Chi ha già conseguito l’Ecdl è avvantaggiato?
In alcune parti delle prove (ad esempio quelle più specificamente tecnologiche), chi è già abituato a lavorare con il Pc è può essere un pochino avvantaggiato, anche se andrebbe verificata la correlazione. Per la sezione cognitiva ed etica questa correlazione dovrebbe essere nulla o quasi. Invece può incidere più significativamente un buon pattern di capacità cognitive e astrattive.
Come intendete procedere per far riconoscere il Digital Competence Assessment da enti pubblici e privati?

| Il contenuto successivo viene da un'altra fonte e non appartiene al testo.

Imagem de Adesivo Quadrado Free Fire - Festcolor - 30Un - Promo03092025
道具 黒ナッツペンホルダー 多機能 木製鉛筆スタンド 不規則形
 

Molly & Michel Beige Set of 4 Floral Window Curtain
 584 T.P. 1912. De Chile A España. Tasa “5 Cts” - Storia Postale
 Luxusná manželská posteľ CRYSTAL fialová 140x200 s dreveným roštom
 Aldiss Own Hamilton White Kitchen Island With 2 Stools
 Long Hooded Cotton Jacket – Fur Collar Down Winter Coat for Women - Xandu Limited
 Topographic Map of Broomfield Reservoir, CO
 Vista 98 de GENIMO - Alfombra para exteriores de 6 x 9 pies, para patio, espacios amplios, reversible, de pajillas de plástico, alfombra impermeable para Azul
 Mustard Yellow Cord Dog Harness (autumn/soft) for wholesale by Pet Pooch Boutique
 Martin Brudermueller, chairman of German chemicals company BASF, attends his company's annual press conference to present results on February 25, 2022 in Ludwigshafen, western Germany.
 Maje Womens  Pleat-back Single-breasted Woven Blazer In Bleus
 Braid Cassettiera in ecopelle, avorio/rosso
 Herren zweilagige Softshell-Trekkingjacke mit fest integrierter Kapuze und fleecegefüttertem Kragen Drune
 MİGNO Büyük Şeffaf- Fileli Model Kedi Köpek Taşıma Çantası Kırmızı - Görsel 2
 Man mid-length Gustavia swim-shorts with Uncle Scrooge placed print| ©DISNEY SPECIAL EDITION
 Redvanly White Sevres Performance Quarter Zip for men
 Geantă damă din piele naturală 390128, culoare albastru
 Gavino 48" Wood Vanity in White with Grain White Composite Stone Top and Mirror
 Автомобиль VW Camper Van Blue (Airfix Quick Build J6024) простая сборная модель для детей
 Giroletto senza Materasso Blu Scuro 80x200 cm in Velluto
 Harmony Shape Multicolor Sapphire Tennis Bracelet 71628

Per ora vogliamo prima acquisire una base di dati adeguata, e i nostri rapporti sono stati orientati soprattutto all’ambito internazionale. Per esempio abbiamo già realizzato la versione inglese dei questionari Instant DCA e delle prove situate. Abbiamo poi contatti in Europa, con alcune scuole inglesi e del Nord Europa che hanno iniziato a testare le prove. E in Cina: esiste una versione in Mandarino dei questionari e nei prossimi mesi porteremo a termine un progetto congiunto con alcune scuole cinesi. Infine abbiamo stabilito rapporti anche con organismi internazionali, a cominciare dall’Unesco. Appena possibile sarà presentata anche alle istituzioni nazionali preposte all’istruzione, che possono già manifestare interesse sul sito del nostro progetto.